For this stay-at-home-mom/missionary it kinda felt like it, though. I know the Demerol had a lot to do with that feeling, but I spent several days kid free lounging on a bed or couch with people bringing things to me. I also lost eight pounds immediately and no longer look like I am four months pregnant, so yeah, I challenge any spa to beat those results!

I have been suffering from two very painful conditions for about two years now with nothing that I could do about it. And life in the jungle does not really allow me to take "sick days" every month for me to "sleep in the period hut" as my Hewa lady friends would say.

So I am now rejoicing the fact that those painful days are over and as an added bonus I will never have to deal with these annoying and embarrassing events in order to get tampons...

1. Buying an inhuman amount of tampons at Wal-mart in preparation to ship them over for the next year.

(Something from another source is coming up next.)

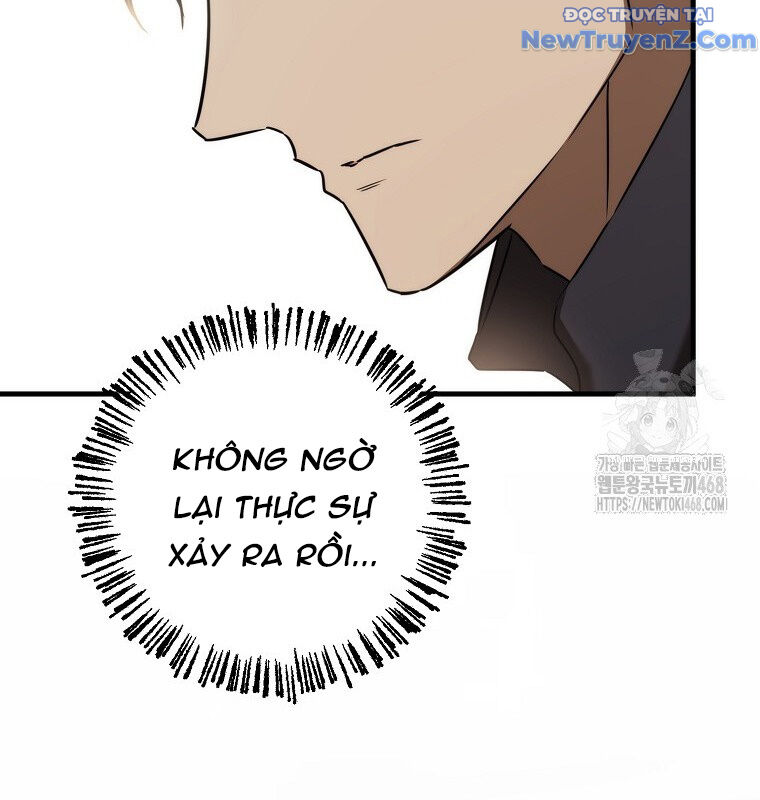 Tân Binh Của Đội Bóng Chày Quá Giỏi: Chapter 42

2. Running out after year one (or finding mold on half of them and having to throw them away)  and asking people to ship tampons for me. Especially going through the "what type/brand do you prefer" converstation.

3. Having to order them over the radio for a supply flight because email is down.

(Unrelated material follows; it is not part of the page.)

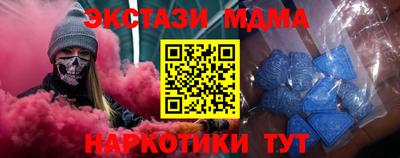 МДПВ Ликино-Дулёво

And you all should be happy too that you will never again after this post have to hear (read) me rant about tampons! (I know all the men who read this blog will be especially happy)

Now let's all sing the Hallelujah Chorus together!

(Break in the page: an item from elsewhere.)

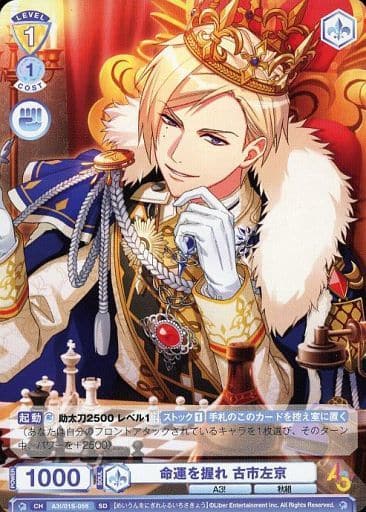 [SD] A3!/01S-056 命運を握れ 古市左京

Tuesday, September 2, 2014

Article

A friend asked me to write an article for a digital discipleship magazine. I went to the site and realized two things...

1) It was pretty hard-core must read kinda stuff that makes you think.

2) I was the only female contributor.

So, I quickly realized that its readers probably didn't want to hear my theories on first graders carrying shivs or how I only recently stopped hoarding tampons out of habit.

I had been working on a little (ok long) piece about racism in my home culture (the deep south) and the Christian church, so I tossed it out there and they edited a bit to make me sound like a much better writer than I actually am and published it.

Yeah, I'm kind of a big deal...not really...I just wanted to say that. 

 I really was just thinking about all these things as we came home and I realized that my kids no longer have a lot of interaction with people of a different race. I was concerned that the multitude of benefits that they have gained from traveling the world and spending time with people from many different cultures and races would be lost in these nine short months. I then realized this wasn't the case just in our extracurricular activities but that EVERYTHING they watch on TV mostly has white people in it (except of course for Doc McStuffins). I tried to incorporated media from other races and realized...there wasn't a lot to choose from! WHITE PEOPLE ARE EVERYWHERE!!!!

And the most disturbing thing of all was that in all the different churches we have been in there has been minimal representation from any race other than caucasian.

So I wrote this...

http://www.alta-forma.com/racism-north-american-church/

Just some thoughts. From a white girl. That is all.


Monday, September 1, 2014

First American Birthday


My baby turned four today. It was her fist time to celebrate the day she entered this world in America.

Birthdays one, two, and three were all celebrated in Papua New Guinea.

first birthday

second birthday

      
third birthday
They were all fun for her, but sort of simple. You have to get really creative in PNG and it wears me out.  So I actually enjoyed Chuck E. Cheese this year even though I think I had a tiny seizure and I am pretty sure it is some sort of secret Casino training/brainwashing center for children.

I enjoyed just going, having my kids be completely entertained, fed, filled with cake (not made by me) then leaving while someone else cleaned up the mess.